Dennis_hurricane_400
Dennis Bearing Down on the GOM

With more than 96% of Gulf of Mexico (GOM) oil production halted by evacuations and production shut-in caused by Hurricane Dennis, oil prices began rising again this week.

The 96.2% of oil production shut-in through Monday noon represented more than 1.4 million barrels of oil per day. GOM production contributes some 1.5 million bpd—about 30%—of domestic US production.

Natural gas production shut-in represented 62.4% of capacity, or 6.2 billion cubic feet per day.

The force of the storm caused BP’s giant Thunder Horse rig to list at 20–30 degrees. (Earlier post.)

At Tuesday noon, production shut-in had dropped to 57.2% of daily production as crews returned to rigs. The cumulative shut-in oil production for the period from through 12 July is 4,988,360 barrels, which is equivalent to 0.91% of the yearly production of oil in the GOM—or approximately 547.5 million barrels.

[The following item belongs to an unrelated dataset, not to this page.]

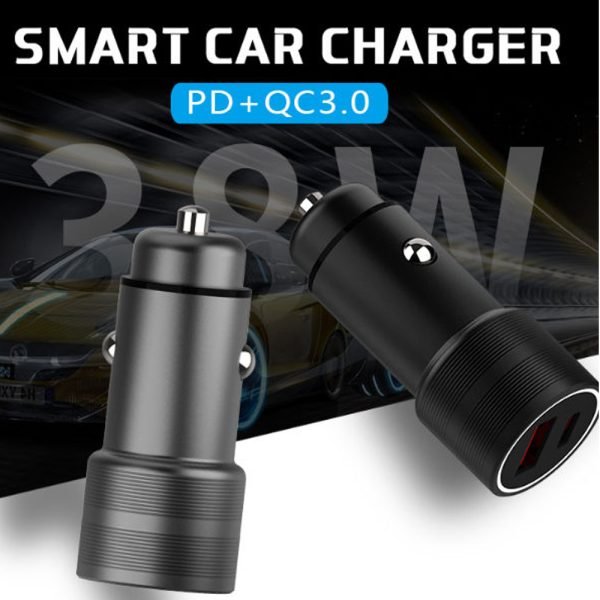 PD+QC3.0 fast car charger factory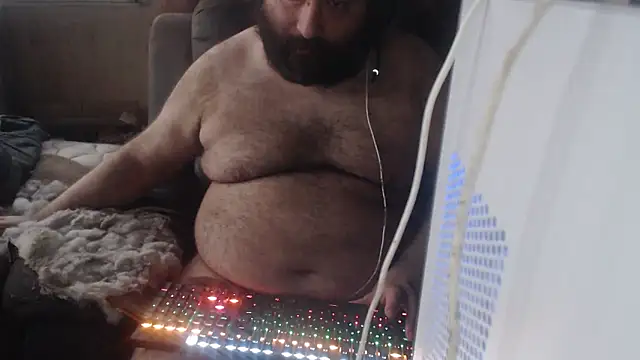 hairyhulk online show from 31, 3, 2026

“The oil production losses reported by the government were higher than people expected,” said Phil Flynn, vice president of risk management with Alaron Trading Corp. in Chicago. “If we lost that much with Dennis, people are worried about what’s going to happen with the next storm.” (Bloomberg)

Emily
Emily Brewing

Tropical Storm Emily, the fifth named storm since the June start of the hurricane season, formed in the Caribbean and could reach the Gulf next week.

Researchers from the Benfield Hazard Research Centre in London are predicting a very active hurricane seasons for the Atlantic, based on the unusually warm sea temperatures in the tropical North Atlantic. Between July and October, they say, nine hurricanes will probably hit the Atlantic basin as a whole. (BBC)

As sensitive as the global oil market is to supply disruption, the apparently rough storm season ahead (the second in a row), will add even more pressure to the market.

July 12, 2005 in Oil | Permalink | Comments (3) | TrackBack (1)

Comments

The irony of a somewhat-self-correcting system.

CO2 from oil consumption leads to global warming.
Global warming leads to hurricanes.
Hurricanes result in shutting down oil production.
Oil prices rise.
Oil consumption falls?

Posted by: stomv | July 12, 2005 at 02:06 PM

...until they build hurricane-proof (or just plain out of the path of hurricane when possible) oil production infrastructure. Heh.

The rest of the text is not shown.